Heavyweight boxer Simon Vallily will never replace Tom Daley at London 2012's poster boy but remember the date October 13, 2010: a monster was born."
Sportsbeat's Daniel Schofield in Delhi
The ‘him' in question was British boxing chief Rob McCracken and for all Khan's claims there is a very simple reason he wasn't selected: Khalid Yafai.
While Khan was perhaps lucky to get the decision against Selby, there's no doubt Yafai, who competed at the 2008 Olympics, would have wiped the floor with him had a shoulder injury not ruled him out of the Games.
McCracken's troubles didn't end there, with Scotland light heavyweight Callum Johnson also demanding a place on the podium squad.
Yet his gold medal was a far more convincing argument than Khan's, particularly having beaten three British fighters on the way to the top of the podium.
In between the boxing politics, some fighting broke out.
English boxers Obed Mbwakongo and Anthony Ogogo were involved in two of the most dramatic conclusions - both against Indian fighters.
Light heavyweight Mbwakongo was taking on Dinesh Kumar just moments after he saw teammate Iain Weaver ‘stitched up' by some outrageous ringside scoring when fighting against another Indian.
Trailing for the majority of his match, Mbwakongo levelled things up with under a minute remaining before delivering a right that landed on Kumar's headguard with just a second remaining to win 9-8.
That though was nothing compared to the upset Ogogo would cause when he defeated Vijender Singh - India's answer to David Beckham according to the Lowestoft middleweight.
At 3-0 down heading into the second half of the third round, Ogogo was handed a lifeline when referee Michael Summers deducted Singh two points for holding.
Incredibly Summers showed stones of steel to do the same thing with 30 seconds remaining to the outrage of most inside the Talkatora Stadium - an anger not soothed by Ogogo blowing kisses to the crowd after his 4-3 win.
Yet such exertions took their toll with Mbwakongo losing to Johnson in the quarter-final while Ogogo had to settle for silver after being comprehensively outboxed by Northern Ireland's Eamonn O'Kane in the final.

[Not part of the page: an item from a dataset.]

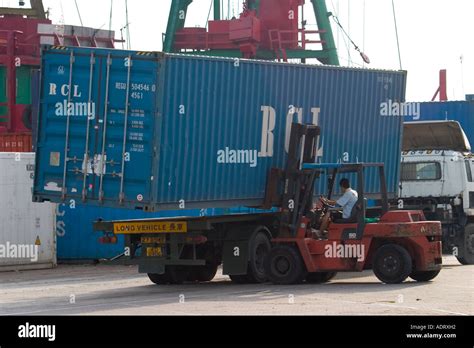 Forklift carries 40" foot shipping container loading onto transfer Stock Photo: 7705233 - Alamy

O'Kane was one of three Northern Irish boxing golds - their first since 1994 - while England could only come away with two from their five finalists.
Team captain Thomas Stalker looked a class act throughout and compared standing on top of the podium to fellow Scouser Steven Gerrard winning the World Cup for England before adding: "but they could never do that in the football, they always get beat!"
Yet it is England's other boxing gold medallist who has really caused a stir.
Heavyweight Simon Vallily won all three of his fights by stoppage; in his other proposed fight it was not clear whether his opponent withdrew through injury or just plain fear.
In amateur boxing it can sometimes to be difficult to tell which punches score.
Not with Vallily. Each shot doesn't just score, it damages and the accompanying thud can be heard above the din of the lively Indian crowd.
Vallily's gold and background, which includes a four-year prison sentence for an unprovoked street assault, were drowned out by the success of Tom Daley, a stone's throw away in the diving.
The Middlesbrough mauler, described by McCracken as ‘frighteningly good', is never likely to take Daley's spot as London 2012's poster boy but remember the date October 13, 2010: a monster was born.